This contributing columnist is a civil rights activist, public relations professional and former Detroit News reporter. He is co-founder and past president of the Grosse Pointes and Harper Woods NAACP Branch.
For a brief moment Tuesday, a KKK flag was raised in Grosse Pointe Park.
It didn’t blow from a flagpole on a lawn in the winter breeze. It wasn’t nailed to the front door. It wasn’t put out for display to the world.
It was placed in a large side window where only one neighbor could see it — the Black one next door, JeDonna Matthews Dinges.
Dinges is a good neighbor. For the last 10 years, she says she has loved living in the Pointes. She raised her daughter here, started a successful business here and enjoyed her neighbors.
This disturbed her. This upset her. This made her angry.
She thought about calling the police but didn’t believe they'd do anything. They would come. Take notes. Downplay the seriousness of the situation and leave.
That, she says, has been her experience when it comes to issues involving race.
What she did do was call her friends and neighbors. They told her to call the state attorney general’s office. So, she says she called the Detroit field office and was told there was nothing they could do because the flag was on private property inside someone’s home. True, but it was a symbol of hate laid bare and aimed at her.
Taking matters into her hands
She called friends and neighbors again. They said put the picture on social media and call the media.
So, she did. Around 4 p.m. Dinges says two detectives from public safety knocked on her door.
They came. They took notes. They told her they talked to her neighbors who, she says, told them they put the KKK flag up because she had a camera facing their window. Dinges says she has a Google Net Camera on her window sill aimed at the sidewalk between the houses to catch would-be criminals sulking between the houses.
This was after she called police recently about a full can of gasoline she found in her trash receptacle sitting like a firebomb waiting to explode next to her house. She says she called the cops about that.
They came. They took notes. And she says they told her they couldn’t take fingerprints or basically do much to investigate. So that’s why she put the camera up — to catch on film whomever may come back and try again so she would have evidence for the police.

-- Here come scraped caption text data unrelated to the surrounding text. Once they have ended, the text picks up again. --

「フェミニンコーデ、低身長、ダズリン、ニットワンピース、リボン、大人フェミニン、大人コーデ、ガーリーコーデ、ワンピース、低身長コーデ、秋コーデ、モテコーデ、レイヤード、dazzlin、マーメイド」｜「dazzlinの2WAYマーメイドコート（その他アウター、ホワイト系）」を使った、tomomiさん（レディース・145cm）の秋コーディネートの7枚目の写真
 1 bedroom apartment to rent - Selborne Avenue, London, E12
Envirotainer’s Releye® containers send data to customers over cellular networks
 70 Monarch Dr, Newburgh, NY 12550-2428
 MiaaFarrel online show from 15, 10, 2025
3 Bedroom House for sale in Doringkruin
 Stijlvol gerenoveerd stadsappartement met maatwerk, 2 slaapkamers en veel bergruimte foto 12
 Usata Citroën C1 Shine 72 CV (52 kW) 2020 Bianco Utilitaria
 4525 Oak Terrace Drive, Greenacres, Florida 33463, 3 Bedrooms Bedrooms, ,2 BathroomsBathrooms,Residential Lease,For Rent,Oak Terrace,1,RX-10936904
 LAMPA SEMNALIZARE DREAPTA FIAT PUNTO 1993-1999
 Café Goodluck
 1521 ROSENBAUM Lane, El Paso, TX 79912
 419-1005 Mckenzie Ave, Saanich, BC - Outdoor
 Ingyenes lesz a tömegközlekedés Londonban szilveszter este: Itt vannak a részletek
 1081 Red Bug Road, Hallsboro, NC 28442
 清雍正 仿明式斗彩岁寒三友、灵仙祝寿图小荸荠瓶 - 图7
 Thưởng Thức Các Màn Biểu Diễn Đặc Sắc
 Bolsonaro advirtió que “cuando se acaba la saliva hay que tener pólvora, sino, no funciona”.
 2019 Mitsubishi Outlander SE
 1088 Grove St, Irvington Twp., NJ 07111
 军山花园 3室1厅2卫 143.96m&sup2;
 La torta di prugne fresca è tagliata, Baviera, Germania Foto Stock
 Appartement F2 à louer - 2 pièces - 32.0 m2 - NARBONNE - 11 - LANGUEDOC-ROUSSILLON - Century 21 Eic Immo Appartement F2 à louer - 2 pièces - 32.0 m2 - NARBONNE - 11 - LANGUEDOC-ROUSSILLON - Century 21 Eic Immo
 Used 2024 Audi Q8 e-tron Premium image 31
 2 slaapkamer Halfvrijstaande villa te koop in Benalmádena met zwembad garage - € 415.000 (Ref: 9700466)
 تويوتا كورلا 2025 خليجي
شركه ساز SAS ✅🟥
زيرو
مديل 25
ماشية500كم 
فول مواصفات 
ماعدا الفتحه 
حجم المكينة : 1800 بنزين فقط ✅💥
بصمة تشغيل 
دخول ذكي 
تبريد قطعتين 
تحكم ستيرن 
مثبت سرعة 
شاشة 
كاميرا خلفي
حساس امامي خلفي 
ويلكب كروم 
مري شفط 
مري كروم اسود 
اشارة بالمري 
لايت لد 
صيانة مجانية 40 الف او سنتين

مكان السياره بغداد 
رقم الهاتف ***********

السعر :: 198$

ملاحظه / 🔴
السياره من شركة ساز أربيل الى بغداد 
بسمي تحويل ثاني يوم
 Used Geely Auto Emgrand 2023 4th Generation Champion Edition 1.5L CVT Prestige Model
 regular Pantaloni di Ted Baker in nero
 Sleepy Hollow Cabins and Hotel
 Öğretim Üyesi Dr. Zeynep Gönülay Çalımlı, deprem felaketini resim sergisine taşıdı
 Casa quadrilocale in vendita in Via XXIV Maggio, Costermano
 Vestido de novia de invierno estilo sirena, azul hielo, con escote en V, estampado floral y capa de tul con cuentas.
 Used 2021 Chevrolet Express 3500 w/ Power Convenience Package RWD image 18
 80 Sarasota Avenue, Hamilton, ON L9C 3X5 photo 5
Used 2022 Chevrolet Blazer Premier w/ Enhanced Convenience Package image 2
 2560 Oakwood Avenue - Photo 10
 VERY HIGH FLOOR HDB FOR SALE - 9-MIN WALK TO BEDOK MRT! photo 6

So, this is all just a misunderstanding between neighbors. One put a security camera up between the houses. The other put up a KKK flag to protect their privacy.
Deadline Detroit knocked on the door of neighbor with the flag to interview someone about the situation, heard voices, saw the front shades move but got no answer.
Deadline Detroit also called the department to ask about the flag and if there had been any reports or complaints filed, but were told by the desk that there was nothing. Call back tomorrow when the chief is around.
'Not welcome here'
We were able to reach several Grosse Pointe Park council members about the flag. Councilman Vikas Relan, the first Indian man elected in the Pointes, says “I’m disgusted” and notes that “white supremacy is deep in our society.” Councilwoman Michelle Hodges says “there’s no room for hate in our community. None whatsoever. We have to be better than that. Much better than that.”
Similar outrage was expressed by Darci McConnell, the council’s first African-American: “I hope and pray that the resident who draped their home so brazenly in intolerance will see such venom is not welcome here.” When asked about Dinges' reluctance to call the local cops, McConnell responded just as strongly.
“Any time a resident feels that they can’t call the police – particularly regarding what at least appears to be a clear attempt at ethnic intimidation, that’s extremely disturbing and it also shows there’s more work to be done."
She said she spoke to public safety and looks forward to seeing what remedies are put in place.
Councilwoman McConnell is not alone. Social media blew up with responses from neighbors offering the Dinges’ help, comfort and consoling. Dinges says her family is grateful for the outpouring of love and support and that it affirms her belief that there are more people of goodwill in the Park than not.
The KKK flag display has been taken down. It's gone for now. Let’s hope the racist sentiment doesn't rear its ugly head in our community in other ways.